» Directions
Please restate word for word all lines from the one containing "Liquide vaisselle écologique" to the final line of the entries, and include no pictures.

» Supplied entries
──────────────────────────────
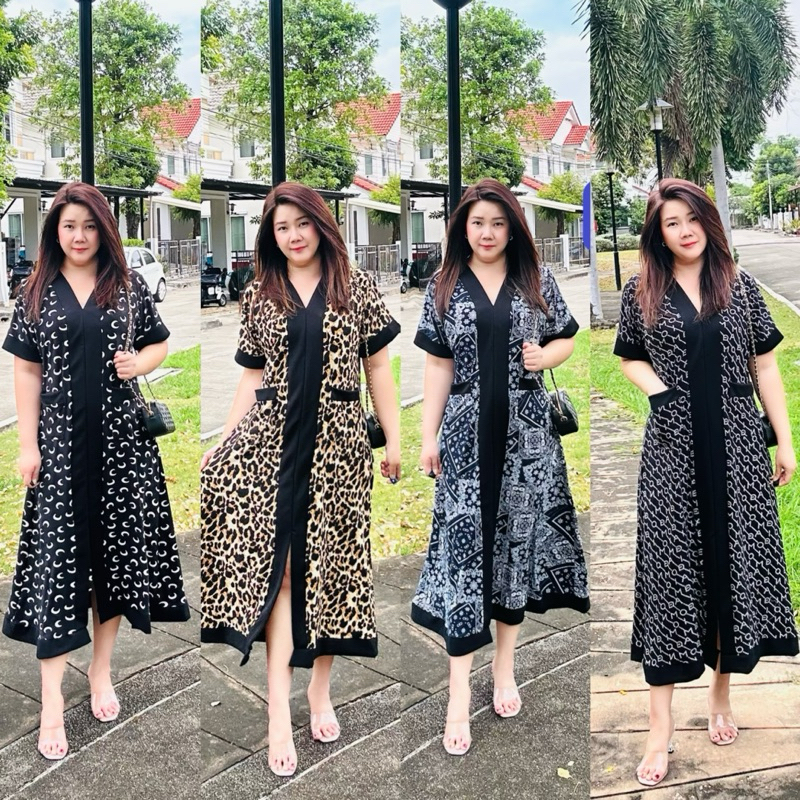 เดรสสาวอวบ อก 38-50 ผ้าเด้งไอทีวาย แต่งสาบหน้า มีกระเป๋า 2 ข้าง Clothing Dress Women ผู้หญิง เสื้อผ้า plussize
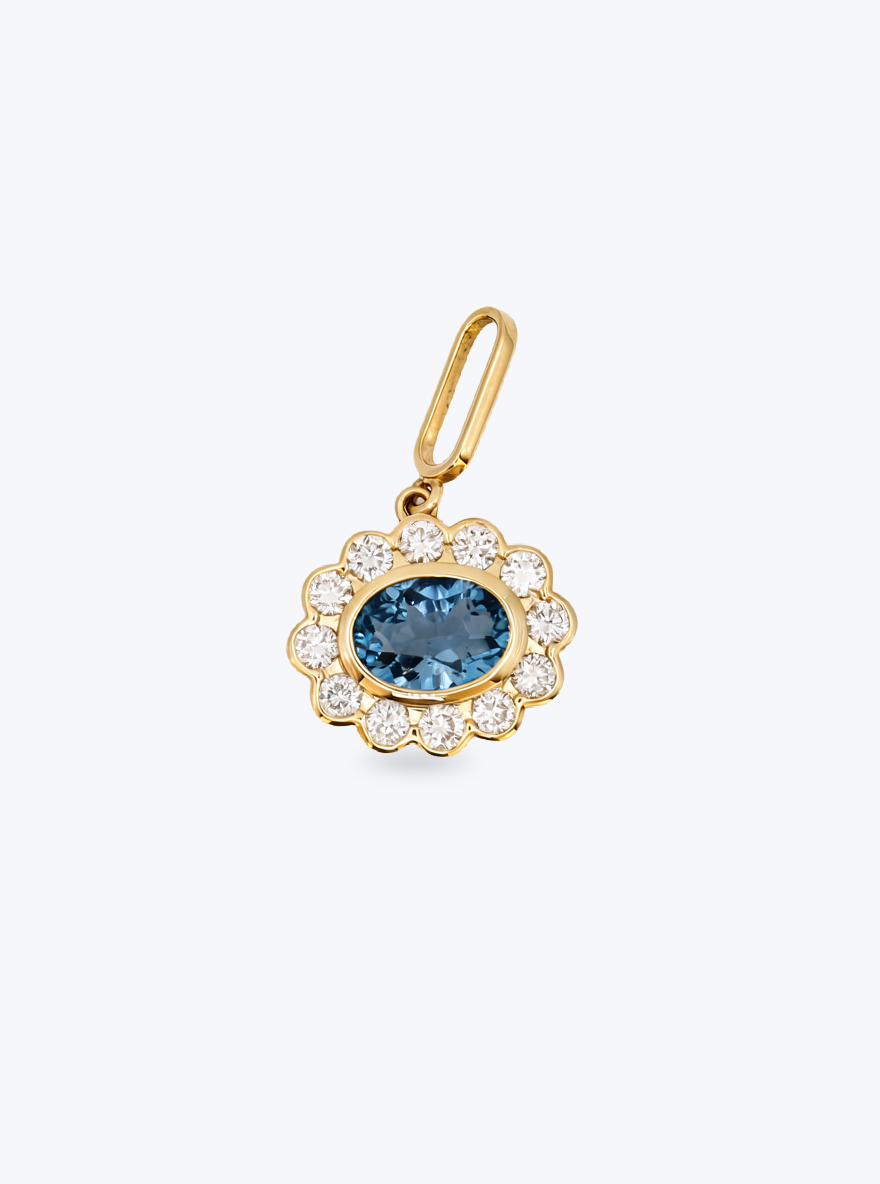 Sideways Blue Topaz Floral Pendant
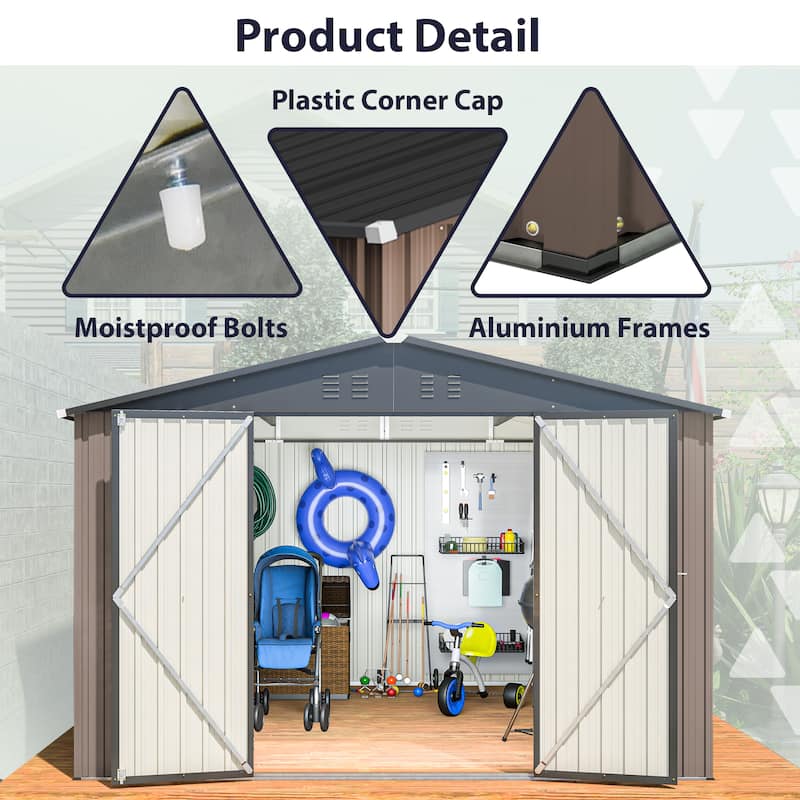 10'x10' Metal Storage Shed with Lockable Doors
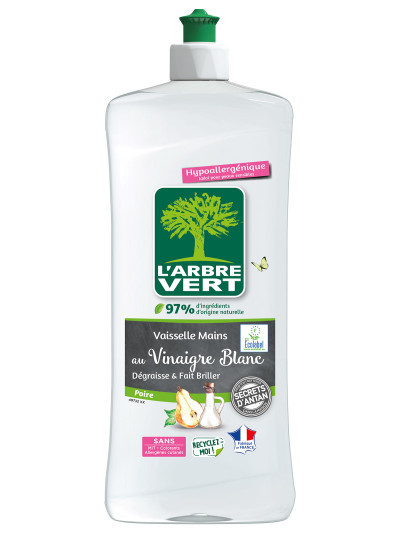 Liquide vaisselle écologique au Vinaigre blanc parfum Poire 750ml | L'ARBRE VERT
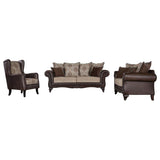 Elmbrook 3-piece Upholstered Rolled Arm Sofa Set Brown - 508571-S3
──────────────────────────────
» Response to this task
 Liquide vaisselle écologique au Vinaigre blanc parfum Poire 750ml | L'ARBRE VERT
 Elmbrook 3-piece Upholstered Rolled Arm Sofa Set Brown - 508571-S3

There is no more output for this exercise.